Today has been a day of laundry and baking. A good day, and a day for appreciation, of my eyes, of my family and friends, of the place I live, of the trees outside my window, of the sky and the moon so bright in the early morning hours, of insights. A good day.
The changes in this life over the past two months are too many to enumerate, and no matter how profound this integration of a new aspect of Self, I'm still in this human suit, with bread to bake and clothes to wash and a 73-year-old body to wash and lotion - and to take to my chiropractor tomorrow.
As a teen I wrote a short poem: "I'm not the me that you all see; it's the me I feel that's really me." For a teen, that felt like the truth, and now I know that both - what others see and how I feel - are two important parts that exist in the duality of human.
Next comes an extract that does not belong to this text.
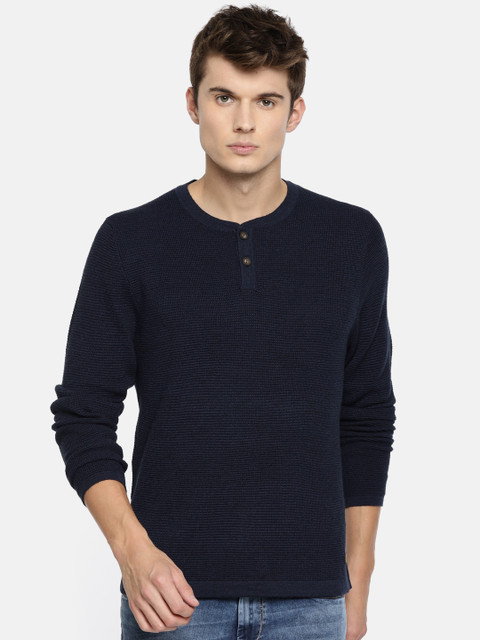 

U.S. Polo Assn. Denim Co. Men Navy Blue Self Design Pullover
I live alone and I'm never lonely. It sure helps to get to be this age and to enjoy time alone with self - as if I were ever really alone.
All those who walk with me are so close and so available to help with any question, no matter how mundane. As Wisdom once said: "Whatever is important to you, whether a hang nail or world peace; if it's important to you, it's important to us."
It matters a lot how we feel about ourselves. I wouldn't change being 73, having been married, having children, getting my bachelor's degree, loving, living and becoming the person I am in this human suit, however imperfect it often feels.
Our systems listen to what we say and think about ourselves and follow our lead. They must. We are each in charge of our own system. So whether I am happy with myself every moment is not as important as how I address myself. This human suit follows what I tell it. If I am to be comfortable with this person that I am, then I realize that I have to become friendly with some of my messages to self that come from early programming.
A part of this current integration is a sharper realization of those old messages, promising myself to speak to me with more love and acceptance; to stop in mid-thought and be a better friend to myself in the references and descriptors I choose. And not to resist the messages. To do so increases the pressure of the message. What we resist persists - and grows stronger. The System is simply providing a message/symptom to alert us to what needs attention.
I am saying, "YES!" more often, supporting myself in the affirmative. To do otherwise is egocentric.